You've missed the point haven't you or perhaps you don't understand? We've just been round in a circle. _Point fighting is a rule set_,_ it_ _isn't a style of martial arts_. Shotokan people can do it as can other stylists. They can also spar full contact, they may or may not but they can.  When they are training in the class they don't point spar, they train in what *you* would call a kick boxing style. There is also a rule set called 'continuous', where the competitors don't stop after striking. There's other rule sets too, most karateka can compete in all of these if they wish, many don't want to but they are able to if they wanted to.
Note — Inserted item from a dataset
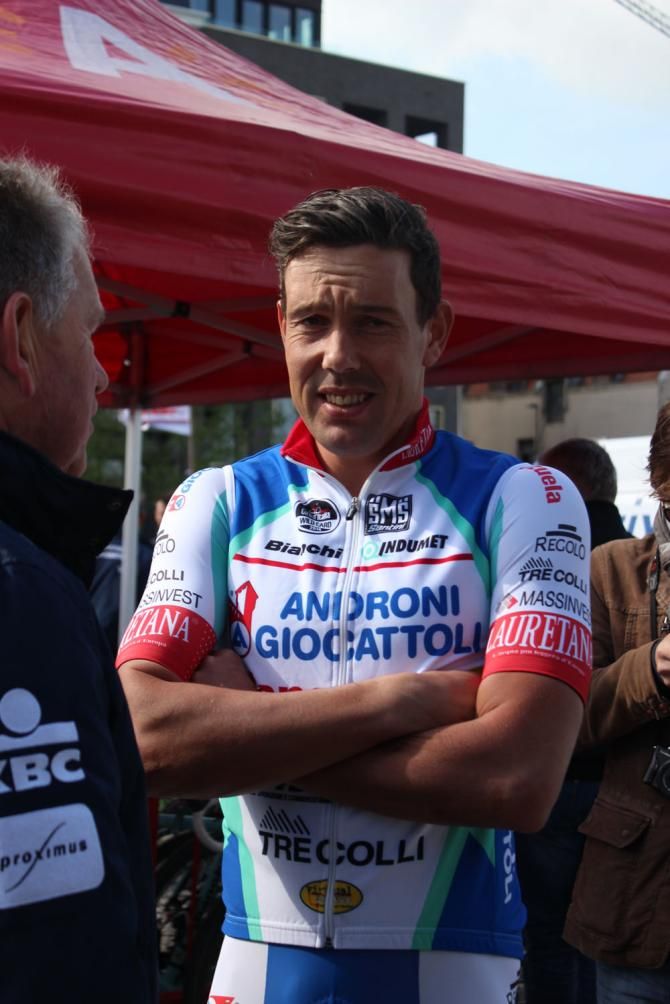 Kenny van Hummel (Androni Giocattoli) gets cold as he waits to sign on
Point sparring isn't Shotokan.


----------



## MAfreak

i think its not surprising that (nearly) everyone can, if he want, spar in full contact. i had no doubt of it.
but the funny thing is, there really are (shotokan) people out there, who focus their training that much on point fighting for tournaments that they even train on pads and b.o.b.s to just touch them so they don't even know how it feels or how the distance should be to hit hard. no joke. i saw it that often that i think first of that when i hear shotokan...


----------



## Tez3

MAfreak said:


> i think its not surprising that (nearly) everyone can, if he want, spar in full contact. i had no doubt of it.
> but the funny thing is, there really are (shotokan) people out there, who focus their training that much on point fighting for tournaments that they even train on pads and b.o.b.s to just touch them so they don't even know how it feels or how the distance should be to hit hard. no joke. i saw it that often that i think first of that when i hear shotokan...
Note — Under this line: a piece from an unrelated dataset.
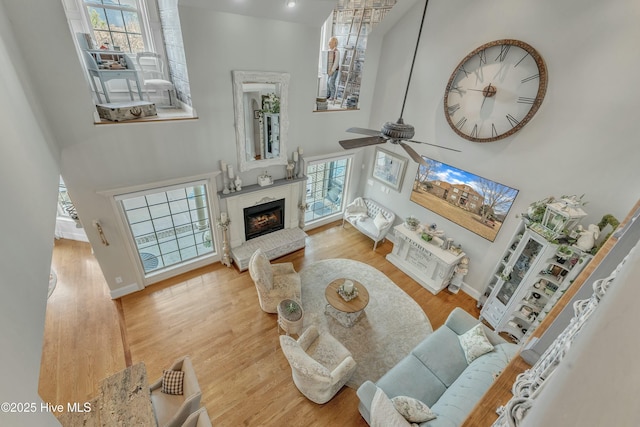 living area with a high ceiling, a ceiling fan, a glass covered fireplace, wood finished floors, and baseboards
There really are all sorts of people out there. If they want to be successful in points competitions they will train hard at that, no surprise there and good luck to them. It's still not Shotokan, it's still points sparring competitive rules.


----------



## BigJavi973

Wanted to update. Haven't been here in a while but here's two more vids. These a couple of months back and was my 1st time doing sparring at a small tourney to get the rust out.


----------



## Kickboxer101

BigJavi973 said:


> Wanted to update. Haven't been here in a while but here's two more vids. These a couple of months back and was my 1st time doing sparring at a small tourney to get the rust out.


Nice work looks good


----------



## BigJavi973

Kickboxer101 said:


> Nice work looks good



thank you oss!


----------



## JowGaWolf

BigJavi973 said:


> Wanted to update. Haven't been here in a while but here's two more vids. These a couple of months back and was my 1st time doing sparring at a small tourney to get the rust out.


Which guy are you in these videos?


----------



## BigJavi973

JowGaWolf said:


> Which guy are you in these videos?



in the 1st vid im the one on the left and in the second vid im in the 1st fight im on the right.


----------



## JowGaWolf

BigJavi973 said:


> in the 1st vid im the one on the left and in the second vid im in the 1st fight im on the right.
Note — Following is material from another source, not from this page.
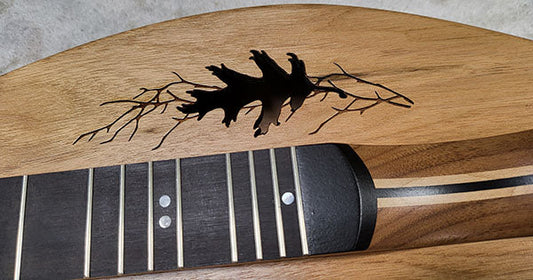 oak leaf and branches sound holes on a folkcraft dulcimer top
Just making sure before I said what I was thinking. lol.   I can tell the difference in the training of the two schools. If I had to guess I would say that your school, more specifically you, don't take point sparring approach to training.

You didn't waste energy, you had solid footing, and your fighting strategy screams self-defense because you seem to be positioning yourself to have an advantage after your opponent strikes. When I look at point sparring, the fighters always seem to hit just to be hitting which results in them being in a bad position after the hit.  There were a couple of places in that video where you got hit, but was in an excellent position to deliver a stronger punch.

The guy in the second video was all over the place with his leaping backfits.  The next time someone does that just launch a side kick into their ribs.   The second guy made you look good though, which is all that matters lol.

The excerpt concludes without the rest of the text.